Skinny Satan

A cool Nerd To Hangout With

Speech Recognition with AVR/Atmega

Speech recognition or Voice Recognition is not an easy thing to do. You all must have seen people struggling with advanced voice recognition tools like siri even though it is being developed by worlds best engineers. Still in this article i will show you how to recognize between a limited set of keywords. And trust me it is very fun to do an on board Speech recognition instead of connecting it to the Computer and using its huge processing power when our task isn’t huge. I was attempting to do this totally on-chip with my Atmega128. but Alas!! it has very limited processing power plus it is not an MSP to process such signals. So instead i moved on to do it with an external Voice Recognition module.

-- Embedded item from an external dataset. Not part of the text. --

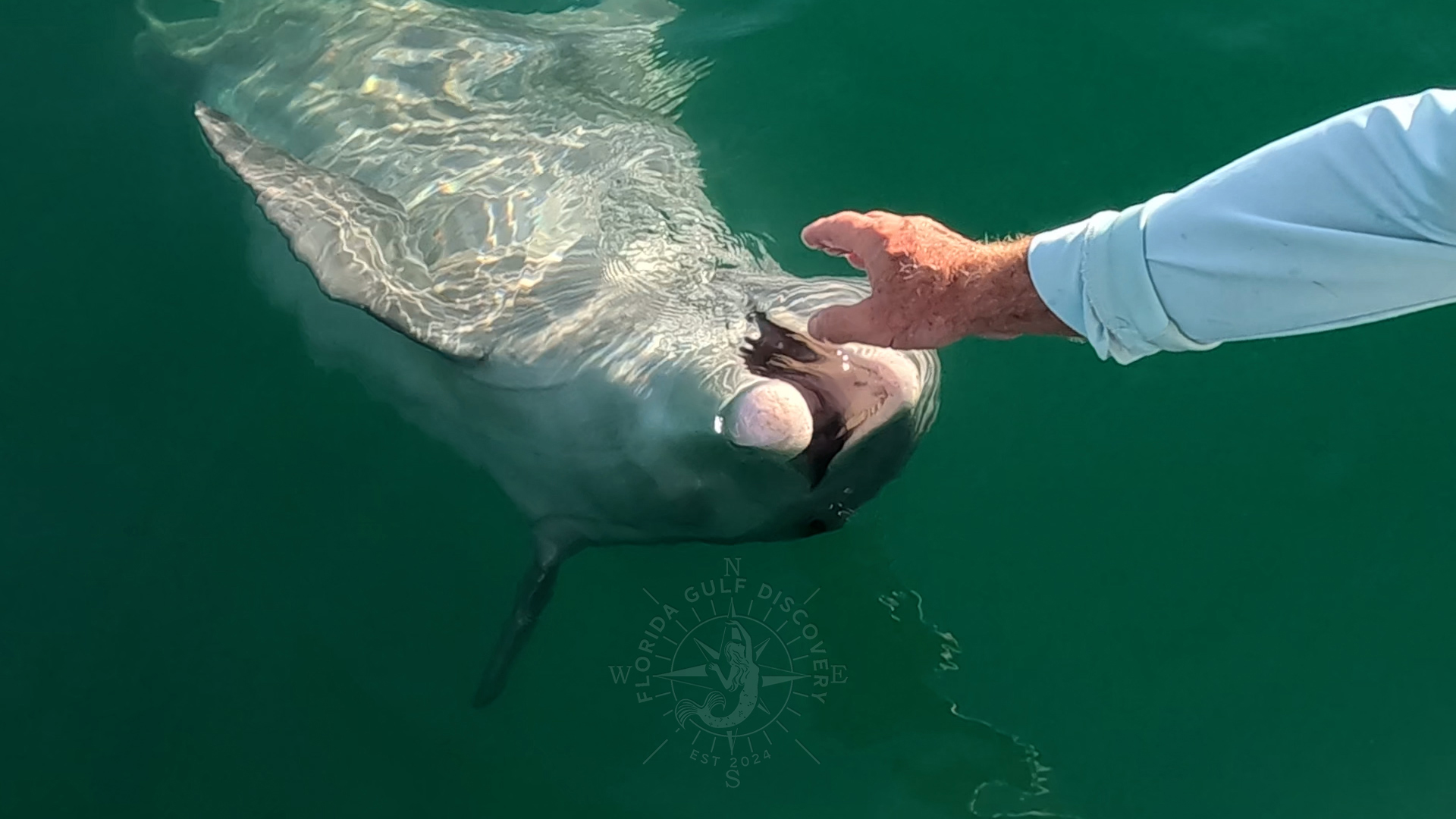 Dolphin by Florida Gulf Discovery LLC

(Note: Main Code is way below, its an .odt file download it and rename it to vr.zip and extract it– sorry for wordpress Restrictions)

EasyVR2.2_-3

EasyVR is a voice recognition module by veear co. from TIGAL corps. It has this Serial interface to be connected, an EasyVr commander to train the commands and everything you need to do the recognition part. In this tutorial I will show you how to interface EasyVr with your AVR based embedded project.

Check 1
– Buy an EasyVR
Its available everywhere, check sparkfun if you cant find it.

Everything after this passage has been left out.